Major label the first to heed Senate's request for new labels

June 4, 2002 12:00 AM ET

The Bertelsmann Music Group, one of the five major record companies, has decided to expand upon the Recording Industry Association of America's pre-existing Parental Advisory Program with a broader initiative designed to inform parents about music that might be deemed objectionable.

BMG's new policy requires that any BMG release in the United States that warrants the Parental Advisory Label (which was created in 1985 as a result of the campaigning of Tipper Gore, wife of then-Senator Al Gore) to be packaged with an additional label that describes the nature of the explicit content to one of three more specific degrees: Strong Language, Violent Content, Sexual Content. Some releases may require two or three of the labels, which will be presented on the bottom right corner of the album, beneath the PAL. The first of the new labels will be used on May Day by rapper Lady May, due in late July.

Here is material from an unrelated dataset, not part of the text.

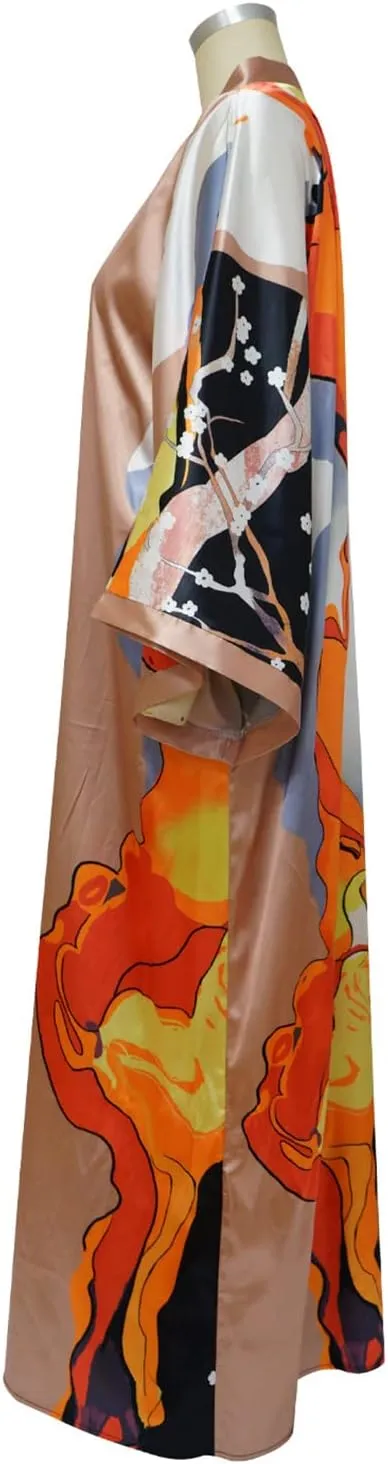 Famnbro Women's Floral Print Satin Robe Kimono Cardigan Open Front Long Cover Ups Outerwear One Size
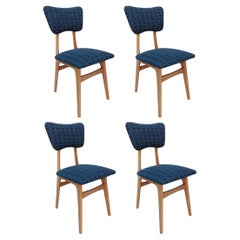 Quattro sedie Farfalle di metà secolo, Jacquard blu, Wood Wood Europa, anni '60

"BMG recognizes our dual responsibility to help parents make informed decisions about the entertainment their children consume and to protect the right of our artists to express themselves freely," said Rolf Schmidt-Holtz, Chairman and CEO of BMG. "Our labeling initiative will offer parents additional tools to help them decide what is appropriate for them and their families, keeping in mind the rich diversity in our communities."

The decision was announced on June 3rd, in anticipation of a Federal Trade Commission report about the marketing of explicit material to children. The issue was initiated by President Bill Clinton in 1999 following the Columbine High School tragedy in Colorado. In late 2000, the FTC issued Marketing Violent Entertainment to Children: A Review of Self-Regulation and Industry Practices in the Motion Picture, Music Recording and Electronic Game Industries. The report criticized the three industries for deliberately marketing violent and profane material towards children.

In April 2001, a follow-up report was issued praising steps taken by the film and gaming industries at self-regulation, but the music industry was singled out for coming up short in protecting children from objectionable marketing practices. According to the second report, all five major labels advertised albums that contained explicit material in television and print ads with substantial demographics under the age of seventeen. The study also claimed that most print, television and Web advertisements failed to display the Parental Advisory label. The Senate Commerce Committee, chaired by Senator John McCain, chose not to take any regulatory measures, but instead to wait for a more extensive report.